A mutatio libelli, diferentemente da emendatio, restringe-se ao primeiro grau de jurisdição, a teor do que dispõe a Súmula 453-STF: “Não se aplicam à segunda instância o Art. 384 e parágrafo único do Código de Processo Penal, que possibilitam dar nova definição jurídica ao fato delituoso, em virtude de circunstância elementar não contida, explícita ou implicitamente, na denúncia ou queixa.”
Feitas essas importantes considerações iniciais, passa-se à análise das alternativas.
A – O juiz pode dar nova classificação jurídica ao fato definido na denúncia ao prolatar a sentença (emendatio libelli), desde que mediante o prévio aditamento da denúncia e abertura de prazo para a defesa se manifestar. INCORRETO.
Como se pode observar dos esclarecimentos iniciais, a alternativa busca confundir o candidato, na medida em que descreve hipótese de mutatio libelli, mas afirma tratar-se de emendatio.
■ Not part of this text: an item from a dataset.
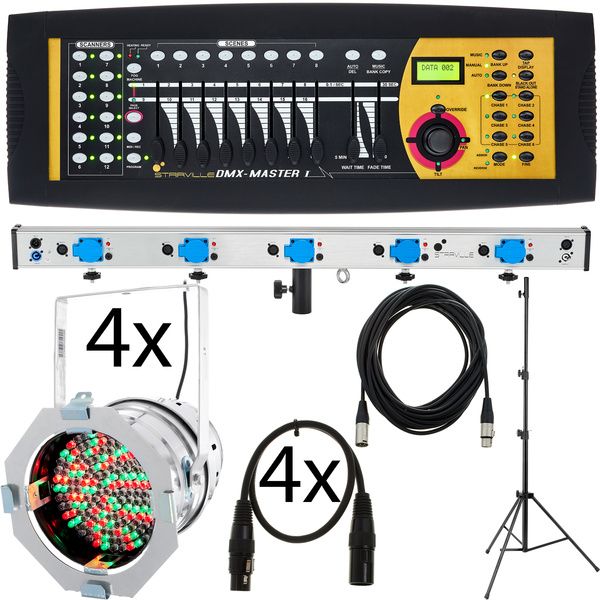 Stairville Mobile Artist Bundle RGBW Silb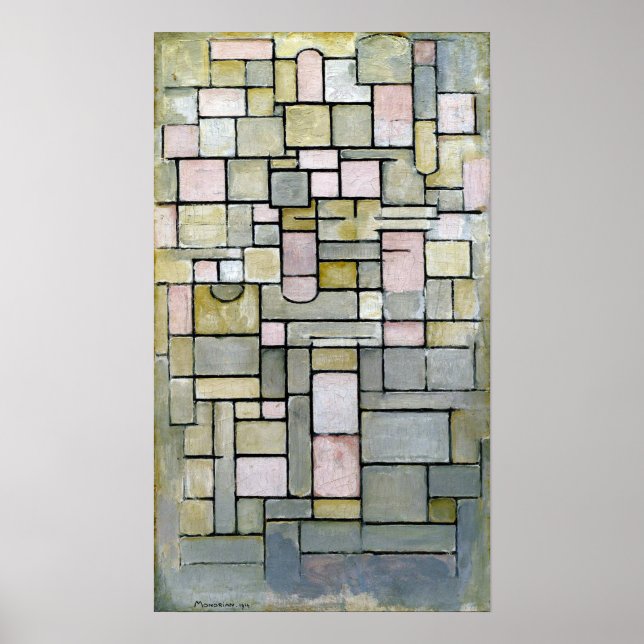 Poster Composição Piet Mondrian 8 (Frente)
B – O réu se defende dos fatos narrados na denúncia e não da classificação a eles atribuída pelo órgão acusador, podendo o julgador, no momento da sentença, corrigir a tipificação, atribuindo-lhe definição jurídica diversa, desde que não aplique pena mais grave que a contida na denúncia. INCORRETA.
A alternativa incorre em equívoco ao acrescentar vedação não prevista no CPP para a emendatio libelli, qual seja, a não aplicação de pena mais grave do que a contida na denúncia, pois o art. 383 permite tal expediente.
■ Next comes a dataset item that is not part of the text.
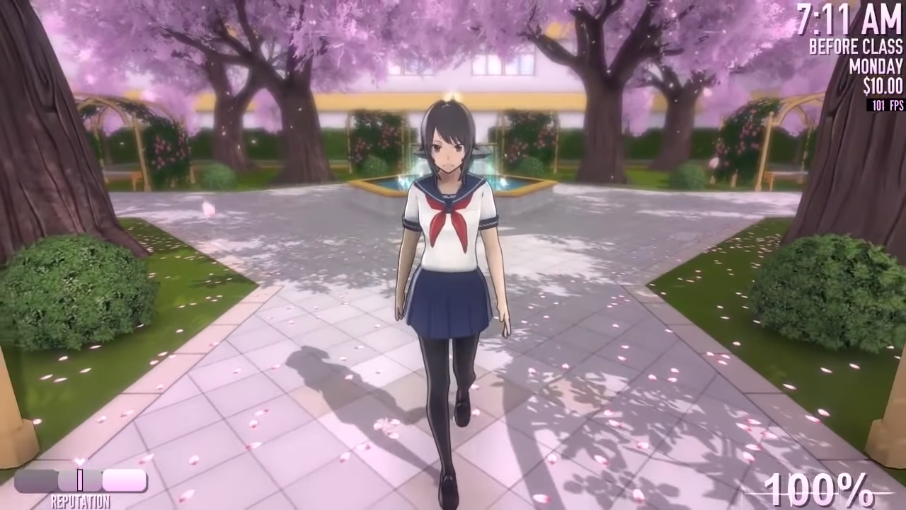 Yandere Simulator の正式デモ版がリリース 先輩への病んだ恋心が止まらない少女が恋敵を次々に消していくステルスアクション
C – É lícito ao juiz, no ato de recebimento da denúncia, conferir definição jurídica aos fatos narrados na peça acusatória diversa da atribuída pelo MP, podendo, ainda, fazê-lo no momento da prolação da sentença, ocasião em que poderá haver emendatio libelli ou mutatio libelli. INCORRETA.
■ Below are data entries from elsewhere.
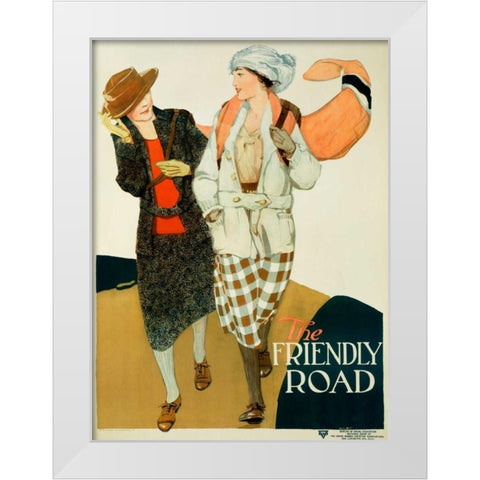 YWCA / The Friendly Road White Modern Wood Framed Art Print by Parkhurst, Anita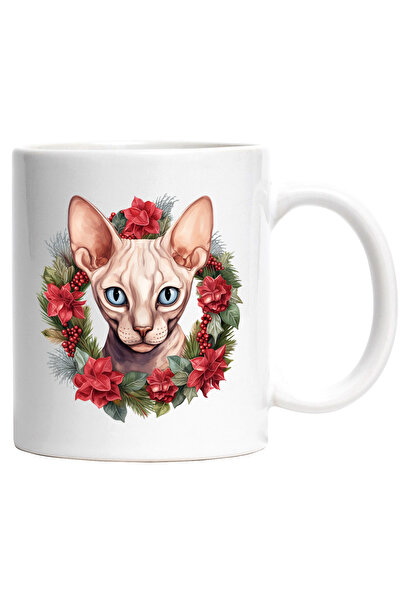 StoryGift Romania Cana cu o pisica Sfinx serioasa | ilustratie | coroana | va...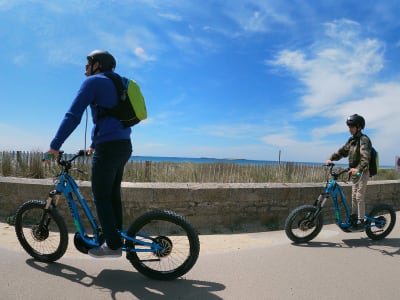 Fahrt mit einem geländegängigen Elektroroller in Erdeven, in der Nähe von Quiberon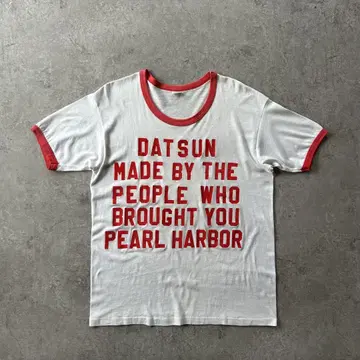 70s Hanes 헤인즈 링거 티셔츠 USA제 펄 하버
Como visto, seja a mutatio, seja a emendatio, somente são permitidas após a instrução do processo e não logo no ato de recebimento da denúncia, embora não se desconheça que respeitável parcela da doutrina sustente, ao menos, o cabimento da emendatio logo quando do recebimento da denúncia.
D – Caso as circunstâncias dos delitos narradas na denúncia sejam idênticas às consideradas na sentença condenatória, alterada apenas a tipificação dos crimes, a hipótese é de impor as regras do instituto da mutatio libelli. INCORRETO.
Mais uma hipótese de tentativa do examinador de confundir o candidato, desta feita trazendo caso de emendatio libelli, mas afirmando tratar-se de mutatio.
E - Não fere o princípio da correlação a inclusão na sentença de agravante legal não descrita na denúncia, mas demonstrada durante a instrução do feito, mormente se suscitada em sede de alegações finais da acusação pública. CORRETO.
Trata-se de exegese do art. 385 do CPP, assim redigido:
“Art. 385. Nos crimes de ação pública, o juiz poderá proferir sentença condenatória, ainda que o Ministério Público tenha opinado pela absolvição, bem como reconhecer agravantes, embora nenhuma tenha sido alegada.”
E, mais uma vez, o CESPE exige do candidato o conhecimento da jurisprudência dos tribunais superiores, com outro exemplo de transcrição de excerto de julgado do STJ, qual seja, REsp 857.066/RJ (Rel. Min. Hamilton Carvalhido, DJ de 14.04.2008), assim ementado:
“RECURSO ESPECIAL. DIREITO PENAL. DESCAMINHO E FALSIDADE IDEOLÓGICA. CONFISSÃO ESPONTÂNEA. REGIME DE PENA. PARTICIPAÇÃO DE MENOR IMPORTÂNCIA. AGRAVANTE GENÉRICA. AUSÊNCIA DE PREQUESTIONAMENTO. SÚMULA Nº 211⁄STF. PENA-BASE. AUSÊNCIA DE FUNDAMENTAÇÃO. INOCORRÊNCIA. SUSPENSÃO CONDICIONAL DO PROCESSO. CONCURSO MATERIAL DE CRIMES. IMPOSSIBILIDADE. RECURSO PARCIALMENTE CONHECIDO E IMPROVIDO. CONFISSÃO ESPONTÂNEA E REGIME DE PENA. HABEAS CORPUS DE OFÍCIO.
(...)
7. Não fere o princípio da correlação a inclusão na sentença de agravante legal não descrita na denúncia, mormente se suscitada em sede de alegações finais da Acusação Pública. Inteligência do artigo 385 do Código de Processo Penal.
8. "Nos crimes dolosos, o limite estabelecido no art. 44, inciso I, do CP é de ser observado, também, na hipótese de concurso de delitos" (REsp nº 435.074⁄TO, Relator Ministro Felix Fischer, in DJ 28⁄10⁄2003).
9. Recurso parcialmente conhecido e improvido. Habeas corpus de ofício.”